Four rabbis with the Coalition for Jewish Values, two of whom are from Georgia, signed the letter addressed to the liberal Jewish Democratic Council of America with regard to its defense and support for Warnock’s candidacy in the Senate race.
“[W]e are concerned and hurt by the manner in which the Reverend brushed aside his past rhetoric against Israel and the Jewish community, and even blamed his opponents for ‘trying to use Israel as yet another wedge issue,'” the rabbis wrote.

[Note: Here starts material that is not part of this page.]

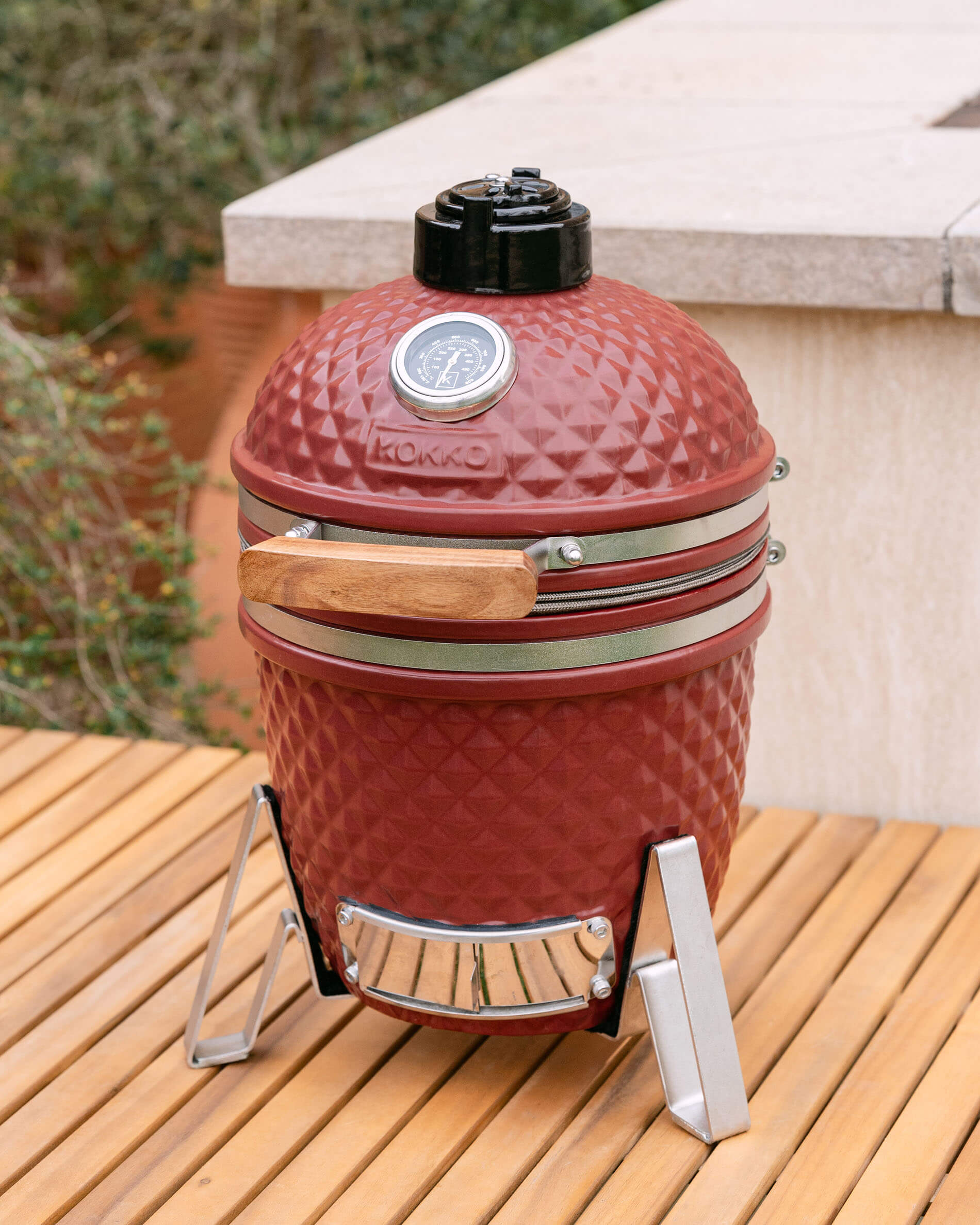 Kamado Little Kokko 13 rouge oxyde installé sur une terrasse.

They also took issue with a letter circulated by JDCA that claimed Warnock had been subjected to “baseless claims and attack” by his political opposition. “It is not just his political opponents, but anyone troubled by rising Antisemitism in America, who should be alarmed by Rev. Warnock’s past statements. To term these serious concerns ‘baseless’ is irresponsible,” they wrote.
Antisemitism from Warnock
The CJV rabbis noted that although Warnock now says he doesn’t believe Israel is an “apartheid state,” it was just last year that Warnock signed a statement from Black denominational leaders of the National Council of Churches following a trip to Israel. The statement accused the Jewish nation of engaging in “dehumanizing dispossession, colonialism, segregation and apartheid” and directly compared the “heavy militarization of the West Bank” with the military occupation of Namibia by apartheid South African forces.
Further, the rabbis pointed out that while Warnock has recently condemned the anti-Israel Boycott, Divest, Sanctions movement, he has nevertheless expressed support for “utilizing economic pressure” against Israel to effect change — the exact model and goal of BDS.

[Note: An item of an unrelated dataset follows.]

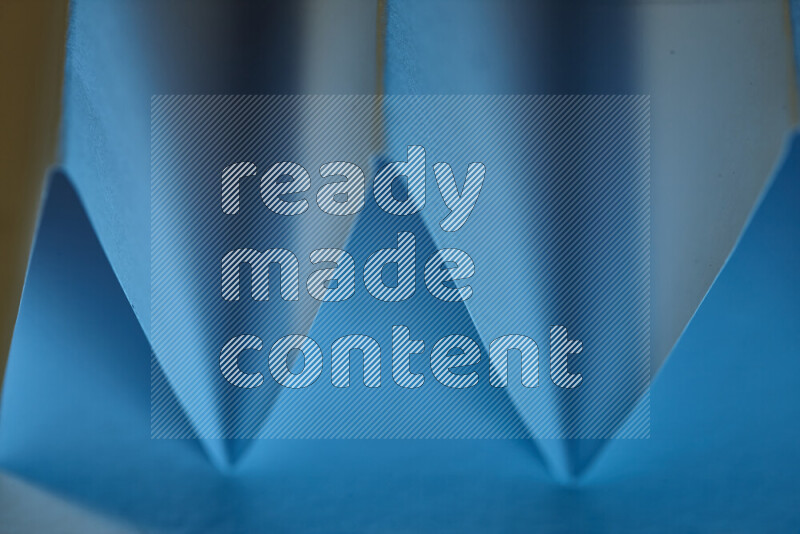 صورة مجردة مقربة تظهر طيات ورقية هندسية حادة بتدرجات اللون الأزرق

They also took issue with the way Warnock brushed aside concerns about the seemingly anti-Semitic language he had used about Israelis shooting unarmed Palestinians while delivering a sermon in 2018. Warnock claimed he was only discussing “the issue of activists and human rights and the ability of people to be heard.”
“This non-answer is frightening,” the rabbis countered. “How was speaking about human rights and being heard relevant to his claim that ‘we saw the government of Israel shoot down unarmed Palestinian sisters and brothers like birds of prey?'” they wrote, adding, “We must say this openly: Rev. Warnock misused his pulpit to bear false witness. He saw no such thing, because it never happened. Each and every element of his statement was false, defamatory, and bigoted.”
The letter continued to press the Jewish group on questions that cannot be brushed aside by anyone who cares about Israel and the Jewish people. “And thus we must ask: when, and in what circumstance, did Rev. Warnock reject his aforementioned previous, hateful positions?” the letter asked.
It continued, “Did he, in an apolitical context, renounce the Antisemitic rhetoric found in the Group Pilgrimage Statement, and remove his signature? Did he retract his lie that Israeli soldiers shoot Arab children at will? Has he acknowledged openly that his statements regarding Israel were false and slanderous, and naturally incited hatred against Jews?”
“We hope to hear from you that there is clear and compelling evidence that Rev. Warnock renounced these positions before seeking public office,” the rabbis concluded. “Otherwise, it remains clear that placing him in a position of power would be playing a dangerous gamble with history’s longest form of hate.”